#### YOUR ASSIGNMENT:
Text only, exactly as given: reproduce the entries below without their pictures.

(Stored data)
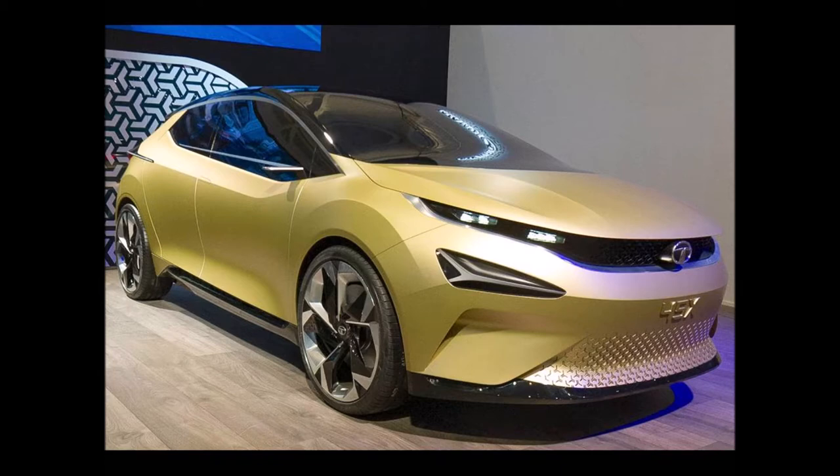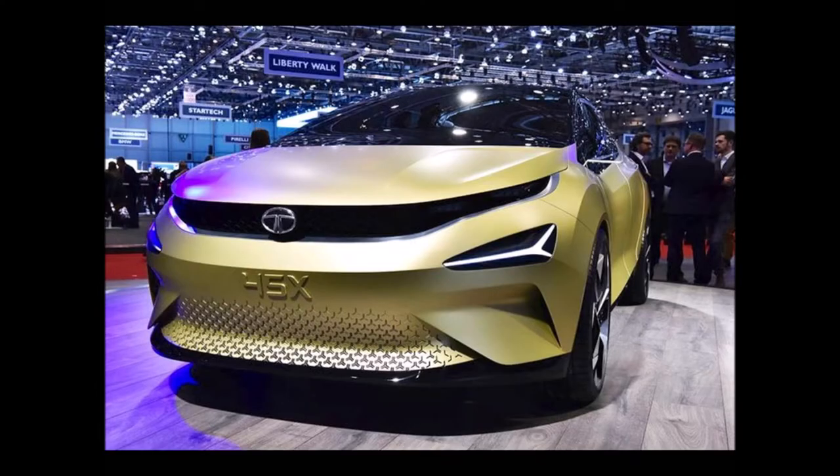The production version carries over the steeply rising beltline and also has a sleek greenhouse, but the rear windows are a little bigger. The rear end is much less hunched as compared to the concept.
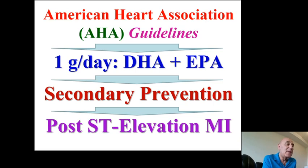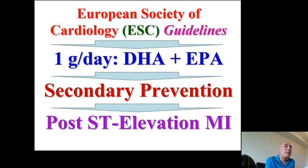According to the American Heart Association guidelines, they recommend one gram daily of both DHA and EPA combined for secondary prevention of post-ST elevation MI, to prevent another MI attack. The European Society of Cardiology has the same guidelines, also recommending a daily intake of one gram of DHA and EPA to prevent secondary attacks of myocardial infarction.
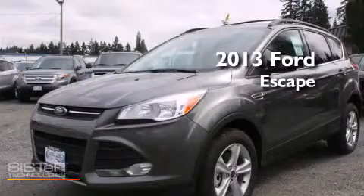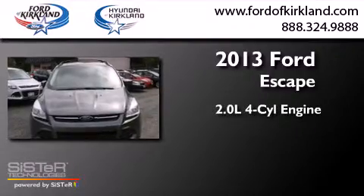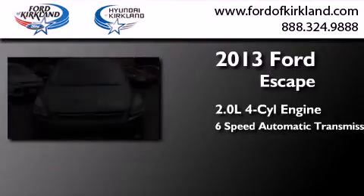This is a brand new 2013 Ford Escape. It has a 2.0-liter 4-cylinder engine, a 6-speed automatic transmission, and 4-wheel drive.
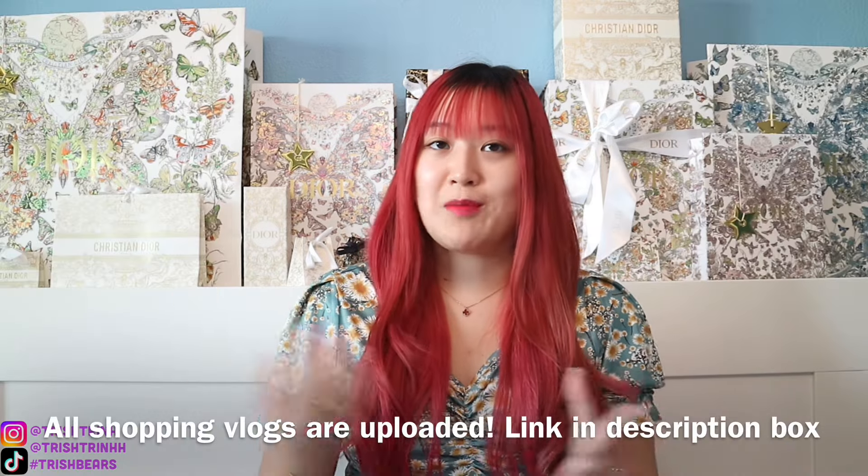I recently went Dior shopping with my best friend Madame MM Style Icon. She also has a shopping vlog as well, so I will link her video down below. We went to a lot of different luxury stores — Dior, VCA, Bulgari, and also Chanel. Stay tuned for all of our shopping vlogs and unboxings, and make sure to watch her videos and subscribe as well.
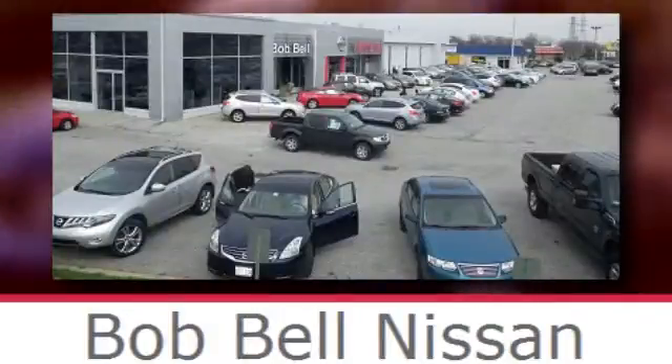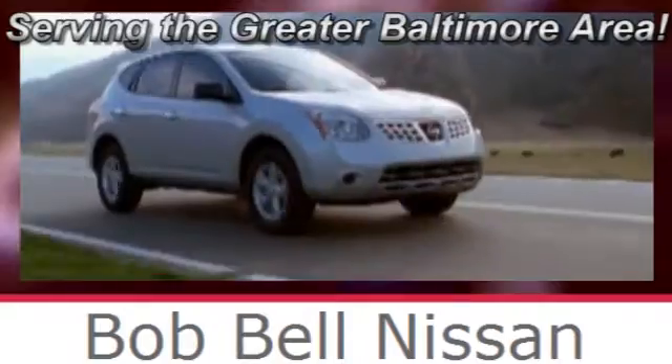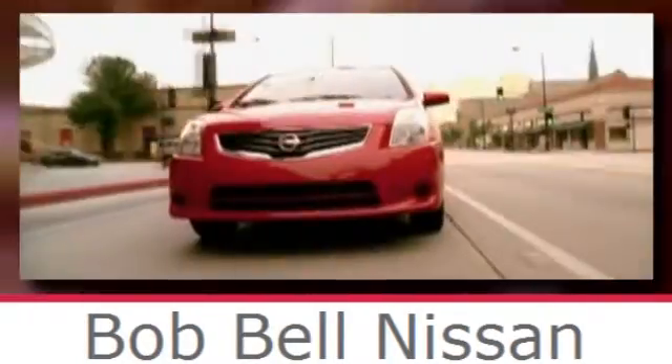Bob Bell Nissan Kia, serving the greater Baltimore area for all your automotive needs. Discover our great selection of new Nissans today. Here's the one for you.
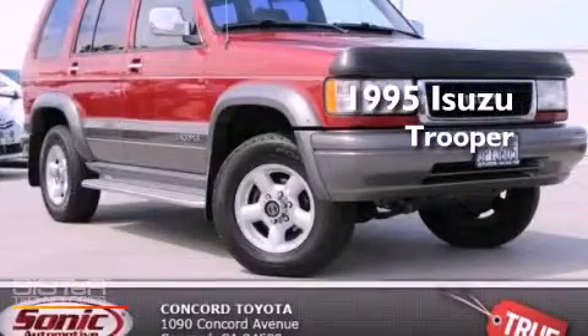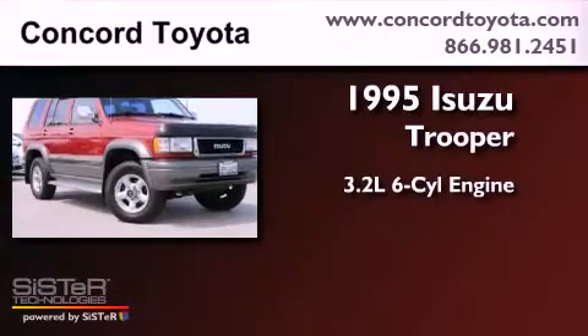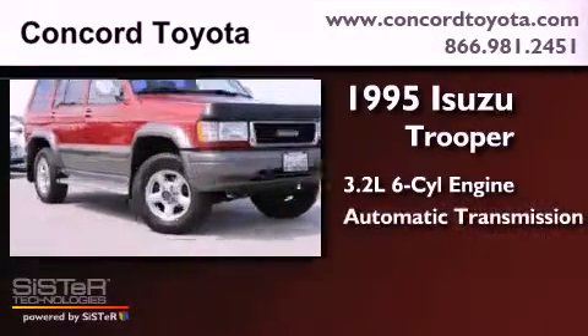This is a 1995 Isuzu Trooper. It has a 3.2-liter six-cylinder engine and automatic transmission.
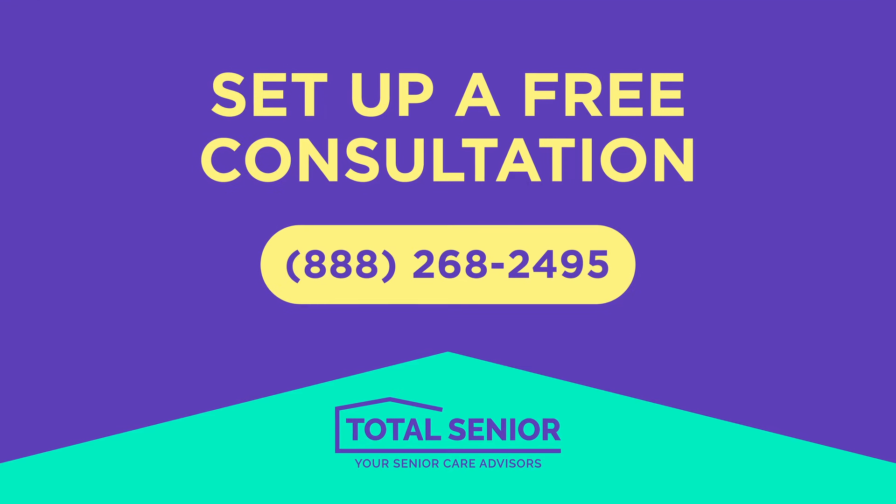Hi, I'm Daniel Sagal, Senior Care Advisor at Total Senior. I want to talk to you about the steps of moving your loved one into a senior living community.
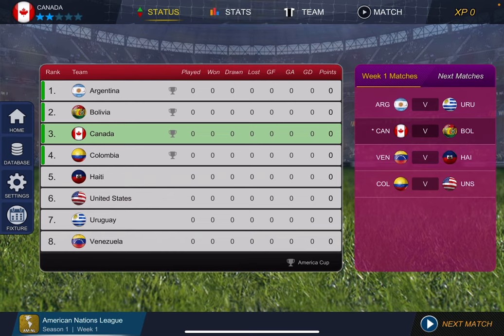It's Canada versus Bolivia in round one of week one. Bolivia is in second, obviously we have no points, so we're all tied for first really. This is gonna be an interesting matchup.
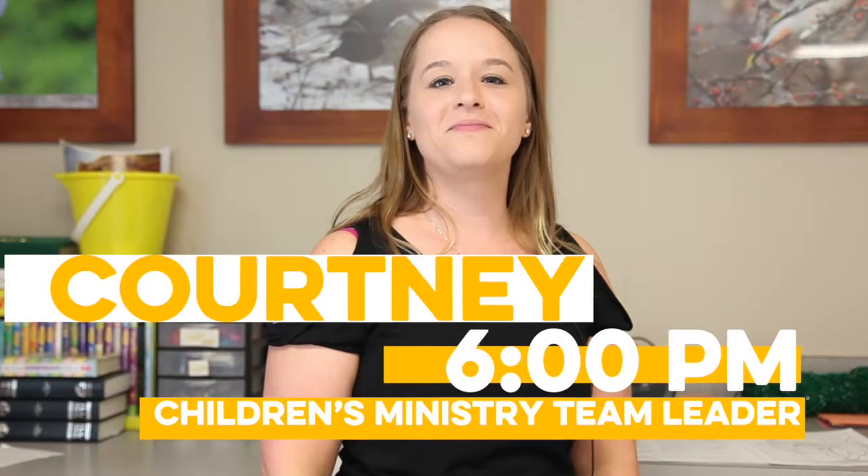Hi, I'm Courtney. I'm the 6PM Children's Team Leader here at Grace, and I'm in charge of nursery through 4th grade. If you are volunteering for our nursery, you're going to be next door in room 201, and you're going to be hanging out with, playing with, and taking care of our babies.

#### SOLVED EXERCISE:
The production version carries over the steeply rising beltline and also has a sleek greenhouse, but the rear windows are a little bigger. The rear end is much less hunched as compared to the concept.
According to the American Heart Association guidelines, they recommend one gram daily of both DHA and EPA combined for secondary prevention of post-ST elevation MI, to prevent another MI attack. The European Society of Cardiology has the same guidelines, also recommending a daily intake of one gram of DHA and EPA to prevent secondary attacks of myocardial infarction.
This is a brand new 2013 Ford Escape. It has a 2.0-liter 4-cylinder engine, a 6-speed automatic transmission, and 4-wheel drive.
I recently went Dior shopping with my best friend Madame MM Style Icon. She also has a shopping vlog as well, so I will link her video down below. We went to a lot of different luxury stores — Dior, VCA, Bulgari, and also Chanel. Stay tuned for all of our shopping vlogs and unboxings, and make sure to watch her videos and subscribe as well.
Bob Bell Nissan Kia, serving the greater Baltimore area for all your automotive needs. Discover our great selection of new Nissans today. Here's the one for you.
This is a 1995 Isuzu Trooper. It has a 3.2-liter six-cylinder engine and automatic transmission.
Hi, I'm Daniel Sagal, Senior Care Advisor at Total Senior. I want to talk to you about the steps of moving your loved one into a senior living community.
It's Canada versus Bolivia in round one of week one. Bolivia is in second, obviously we have no points, so we're all tied for first really. This is gonna be an interesting matchup.
Hi, I'm Courtney. I'm the 6PM Children's Team Leader here at Grace, and I'm in charge of nursery through 4th grade. If you are volunteering for our nursery, you're going to be next door in room 201, and you're going to be hanging out with, playing with, and taking care of our babies.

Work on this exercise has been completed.